START Data listing

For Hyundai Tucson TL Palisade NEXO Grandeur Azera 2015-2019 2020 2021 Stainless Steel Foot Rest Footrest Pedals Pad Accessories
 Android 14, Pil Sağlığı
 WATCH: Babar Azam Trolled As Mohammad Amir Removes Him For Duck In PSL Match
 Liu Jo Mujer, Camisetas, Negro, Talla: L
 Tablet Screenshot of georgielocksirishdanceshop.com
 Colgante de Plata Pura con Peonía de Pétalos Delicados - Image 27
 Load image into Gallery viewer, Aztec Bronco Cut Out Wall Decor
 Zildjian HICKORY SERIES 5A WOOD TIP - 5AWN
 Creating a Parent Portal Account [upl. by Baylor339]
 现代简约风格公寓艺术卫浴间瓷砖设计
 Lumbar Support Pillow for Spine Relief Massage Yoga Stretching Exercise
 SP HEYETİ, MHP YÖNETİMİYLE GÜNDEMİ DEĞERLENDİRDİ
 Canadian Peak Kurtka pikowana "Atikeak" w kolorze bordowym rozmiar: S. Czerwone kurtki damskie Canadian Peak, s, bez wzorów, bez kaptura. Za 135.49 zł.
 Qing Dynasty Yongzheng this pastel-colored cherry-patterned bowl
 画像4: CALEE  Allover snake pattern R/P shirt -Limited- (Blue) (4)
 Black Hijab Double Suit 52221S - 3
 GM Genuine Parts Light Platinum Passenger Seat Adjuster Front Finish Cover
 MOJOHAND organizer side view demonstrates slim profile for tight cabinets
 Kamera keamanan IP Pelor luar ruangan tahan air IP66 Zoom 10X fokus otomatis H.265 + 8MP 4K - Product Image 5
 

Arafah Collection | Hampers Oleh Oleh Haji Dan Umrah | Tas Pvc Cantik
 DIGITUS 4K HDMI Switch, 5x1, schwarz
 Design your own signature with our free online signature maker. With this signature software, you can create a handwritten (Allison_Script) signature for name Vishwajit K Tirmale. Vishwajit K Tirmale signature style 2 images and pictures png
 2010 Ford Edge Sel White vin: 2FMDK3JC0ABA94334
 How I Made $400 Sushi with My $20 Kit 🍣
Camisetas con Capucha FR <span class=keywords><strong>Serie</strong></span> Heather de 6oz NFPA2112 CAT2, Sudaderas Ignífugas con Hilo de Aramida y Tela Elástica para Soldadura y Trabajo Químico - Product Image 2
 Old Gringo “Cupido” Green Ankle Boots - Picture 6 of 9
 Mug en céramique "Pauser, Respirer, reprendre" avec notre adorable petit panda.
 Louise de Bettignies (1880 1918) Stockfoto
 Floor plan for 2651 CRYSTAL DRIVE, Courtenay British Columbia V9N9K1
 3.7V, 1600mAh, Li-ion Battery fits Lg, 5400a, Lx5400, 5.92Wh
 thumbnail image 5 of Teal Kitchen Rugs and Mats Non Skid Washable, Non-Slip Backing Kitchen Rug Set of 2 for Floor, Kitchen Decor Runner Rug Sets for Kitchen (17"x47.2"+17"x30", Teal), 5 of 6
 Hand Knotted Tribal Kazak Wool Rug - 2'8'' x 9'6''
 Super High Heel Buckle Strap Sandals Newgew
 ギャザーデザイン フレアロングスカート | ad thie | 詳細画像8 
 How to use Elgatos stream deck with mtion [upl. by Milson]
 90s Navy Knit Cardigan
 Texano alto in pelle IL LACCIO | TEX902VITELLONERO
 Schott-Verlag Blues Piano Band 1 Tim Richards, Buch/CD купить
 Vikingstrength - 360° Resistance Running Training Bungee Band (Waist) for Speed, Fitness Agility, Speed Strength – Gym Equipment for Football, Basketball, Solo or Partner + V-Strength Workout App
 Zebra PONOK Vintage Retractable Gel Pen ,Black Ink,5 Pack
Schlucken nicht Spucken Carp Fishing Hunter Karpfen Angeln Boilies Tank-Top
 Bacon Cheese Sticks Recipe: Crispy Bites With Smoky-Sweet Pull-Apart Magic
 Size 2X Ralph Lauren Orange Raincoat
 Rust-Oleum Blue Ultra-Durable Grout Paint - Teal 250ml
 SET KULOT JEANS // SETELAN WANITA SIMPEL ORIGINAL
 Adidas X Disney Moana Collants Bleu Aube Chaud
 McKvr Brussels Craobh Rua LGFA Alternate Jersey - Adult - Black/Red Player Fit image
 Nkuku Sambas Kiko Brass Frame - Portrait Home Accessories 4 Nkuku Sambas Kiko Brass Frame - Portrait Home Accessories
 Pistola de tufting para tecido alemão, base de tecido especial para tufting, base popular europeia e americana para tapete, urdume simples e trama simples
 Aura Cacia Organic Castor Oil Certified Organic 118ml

END Data listing

• [Exercise description]: Print every record above exactly as it stands.

• [Answer section]:
For Hyundai Tucson TL Palisade NEXO Grandeur Azera 2015-2019 2020 2021 Stainless Steel Foot Rest Footrest Pedals Pad Accessories
 Android 14, Pil Sağlığı
 WATCH: Babar Azam Trolled As Mohammad Amir Removes Him For Duck In PSL Match
 Liu Jo Mujer, Camisetas, Negro, Talla: L
 Tablet Screenshot of georgielocksirishdanceshop.com
 Colgante de Plata Pura con Peonía de Pétalos Delicados - Image 27
 Load image into Gallery viewer, Aztec Bronco Cut Out Wall Decor
 Zildjian HICKORY SERIES 5A WOOD TIP - 5AWN
 Creating a Parent Portal Account [upl. by Baylor339]
 现代简约风格公寓艺术卫浴间瓷砖设计
 Lumbar Support Pillow for Spine Relief Massage Yoga Stretching Exercise
 SP HEYETİ, MHP YÖNETİMİYLE GÜNDEMİ DEĞERLENDİRDİ
 Canadian Peak Kurtka pikowana "Atikeak" w kolorze bordowym rozmiar: S. Czerwone kurtki damskie Canadian Peak, s, bez wzorów, bez kaptura. Za 135.49 zł.
 Qing Dynasty Yongzheng this pastel-colored cherry-patterned bowl
 画像4: CALEE  Allover snake pattern R/P shirt -Limited- (Blue) (4)
 Black Hijab Double Suit 52221S - 3
 GM Genuine Parts Light Platinum Passenger Seat Adjuster Front Finish Cover
 MOJOHAND organizer side view demonstrates slim profile for tight cabinets
 Kamera keamanan IP Pelor luar ruangan tahan air IP66 Zoom 10X fokus otomatis H.265 + 8MP 4K - Product Image 5
 

Arafah Collection | Hampers Oleh Oleh Haji Dan Umrah | Tas Pvc Cantik
 DIGITUS 4K HDMI Switch, 5x1, schwarz
 Design your own signature with our free online signature maker. With this signature software, you can create a handwritten (Allison_Script) signature for name Vishwajit K Tirmale. Vishwajit K Tirmale signature style 2 images and pictures png
 2010 Ford Edge Sel White vin: 2FMDK3JC0ABA94334
 How I Made $400 Sushi with My $20 Kit 🍣
Camisetas con Capucha FR <span class=keywords><strong>Serie</strong></span> Heather de 6oz NFPA2112 CAT2, Sudaderas Ignífugas con Hilo de Aramida y Tela Elástica para Soldadura y Trabajo Químico - Product Image 2
 Old Gringo “Cupido” Green Ankle Boots - Picture 6 of 9
 Mug en céramique "Pauser, Respirer, reprendre" avec notre adorable petit panda.
 Louise de Bettignies (1880 1918) Stockfoto
 Floor plan for 2651 CRYSTAL DRIVE, Courtenay British Columbia V9N9K1
 3.7V, 1600mAh, Li-ion Battery fits Lg, 5400a, Lx5400, 5.92Wh
 thumbnail image 5 of Teal Kitchen Rugs and Mats Non Skid Washable, Non-Slip Backing Kitchen Rug Set of 2 for Floor, Kitchen Decor Runner Rug Sets for Kitchen (17"x47.2"+17"x30", Teal), 5 of 6
 Hand Knotted Tribal Kazak Wool Rug - 2'8'' x 9'6''
 Super High Heel Buckle Strap Sandals Newgew
 ギャザーデザイン フレアロングスカート | ad thie | 詳細画像8 
 How to use Elgatos stream deck with mtion [upl. by Milson]
 90s Navy Knit Cardigan
 Texano alto in pelle IL LACCIO | TEX902VITELLONERO
 Schott-Verlag Blues Piano Band 1 Tim Richards, Buch/CD купить
 Vikingstrength - 360° Resistance Running Training Bungee Band (Waist) for Speed, Fitness Agility, Speed Strength – Gym Equipment for Football, Basketball, Solo or Partner + V-Strength Workout App
 Zebra PONOK Vintage Retractable Gel Pen ,Black Ink,5 Pack
Schlucken nicht Spucken Carp Fishing Hunter Karpfen Angeln Boilies Tank-Top
 Bacon Cheese Sticks Recipe: Crispy Bites With Smoky-Sweet Pull-Apart Magic
 Size 2X Ralph Lauren Orange Raincoat
 Rust-Oleum Blue Ultra-Durable Grout Paint - Teal 250ml
 SET KULOT JEANS // SETELAN WANITA SIMPEL ORIGINAL
 Adidas X Disney Moana Collants Bleu Aube Chaud
 McKvr Brussels Craobh Rua LGFA Alternate Jersey - Adult - Black/Red Player Fit image
 Nkuku Sambas Kiko Brass Frame - Portrait Home Accessories 4 Nkuku Sambas Kiko Brass Frame - Portrait Home Accessories
 Pistola de tufting para tecido alemão, base de tecido especial para tufting, base popular europeia e americana para tapete, urdume simples e trama simples
 Aura Cacia Organic Castor Oil Certified Organic 118ml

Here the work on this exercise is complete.